(PhysOrg.com) -- The eyes of sheep infected with scrapie - a neurological disorder similar to mad cow disease - return an intense, almost-white glow when they're hit with blue excitation light, according to a research project led by Iowa State University's Jacob Petrich.
The findings suggest technologies and techniques can be developed to quickly and noninvasively test for transmissible spongiform encephalopathies, progressive and fatal neurological diseases such as mad cow disease in cattle and Creutzfeldt-Jakob disease in humans. Petrich, in fact, is working to develop a testing device.
The findings were published earlier this year in the journal Analytical Chemistry. The project was supported by a grant from the U.S. Department of Defense.
The research is the result of an accidental discovery while Petrich and his collaborators were developing a fluorescence spectroscopy device that's now used in slaughterhouses to test livestock carcasses for feces and possible E. coli contamination.
"One day we were testing the apparatus by shining light on the carcass and we saw the spinal cord glow - it fluoresced," said Petrich, professor and chair of Iowa State's chemistry department. "We saw the spinal cord through the skin. The light was pretty intense. It was an amazing result."
That sparked some new thinking: Maybe fluorescence technology could be used to test animals for transmissible spongiform encephalopathies such as bovine spongiform encephalopathy - what's often called mad cow disease. To reduce the risk of human exposure to the diseases, the brains and spinal cords of animals are removed during slaughter and processing. But there is no quick test to identify animals with the diseases.
And so Petrich and a team of researchers began studying the feasibility of a fluorescence test. The team included Ramkrishna Adhikary, an Iowa State graduate student in chemistry; Prasun Mukherjee, a former Iowa State graduate student and current post-doctoral associate in chemistry at the University of Pittsburgh; Govindarajan Krishnamoorthy, a former Iowa State post-doctoral research associate and current assistant professor of chemistry at the Indian Institute of Technology Guwahati; Robert Kunkle of the U.S. Department of Agriculture's National Animal Disease Center in Ames; Thomas Casey of the National Animal Disease Center; and Mark Rasmussen of the U.S. Food and Drug Administration's Center for Veterinary Medicine in Laurel, Md.

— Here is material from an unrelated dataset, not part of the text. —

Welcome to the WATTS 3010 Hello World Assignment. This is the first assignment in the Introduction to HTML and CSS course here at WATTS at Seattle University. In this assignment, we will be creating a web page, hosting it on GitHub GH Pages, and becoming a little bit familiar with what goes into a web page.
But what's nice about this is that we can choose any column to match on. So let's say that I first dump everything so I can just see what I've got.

The researchers collected 140 eyeballs from 73 sheep. Thirty five of those sheep were infected with scrapie; 38 were not. The researchers took fluorescence readings from various parts of the eyes of all the sheep.
"The bottom line is the scrapie-positive retinas fluoresced like crazy," Petrich said. "And the scrapie-negative ones did not."

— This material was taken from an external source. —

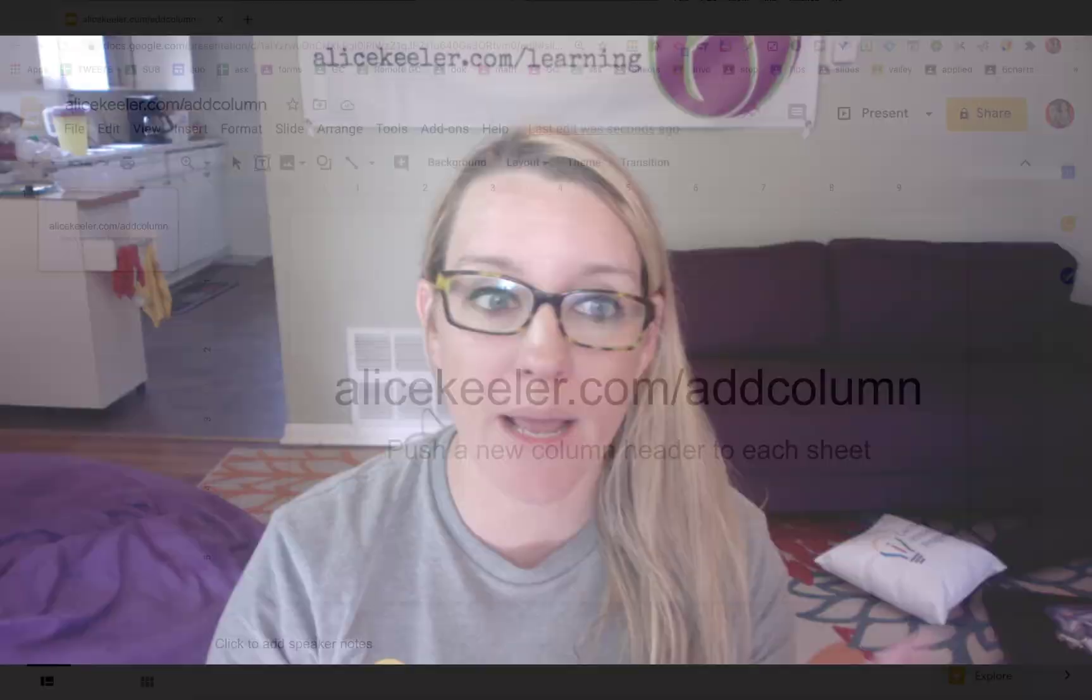I was asked, Alice, we are doing attendance and calling logs, and I need a column every day to add a new column for the new day. So here's what I made.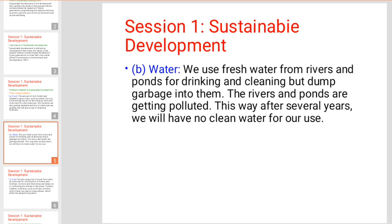After several years of this, we will have no clean water for our use. This is the second problem.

A previous study published in the journal Veterinary Pathology reported that the function and structure of retinas are altered in cattle infected with transmissible mink encephalopathy. Members of that study team included Iowa State researchers M. Heather West Greenlee, an associate professor of biomedical sciences in the College of Veterinary Medicine; Justin Greenlee, a collaborator assistant professor of biomedical sciences; and Juergen Richt, a collaborator associate professor of veterinary microbiology and preventive medicine.
Other studies have reported that lipofuscin, an intracellular fluorescent pigment, accumulates in the eyes of animals infected with the neurological diseases. Petrich and his team attribute the glow from scrapie-positive retinas to the elevated levels of lipofuscin.
Whatever the cause, Petrich said it's clear there are distinct differences in the fluorescence and spectroscopic signatures of retinas from sheep that were naturally infected with scrapie and those that were not. And so he and his research team think there's great promise for a diagnostic test based on that discovery.
That has Petrich starting to develop a device (he likes to call it a "gizmo") that could be used in meat plants to test the retinas of animals for signs of neurological diseases. He expects it will take several years to develop, build and test a useful device.
"What I like about this is it's really simple," Petrich said. "It's light in and light out."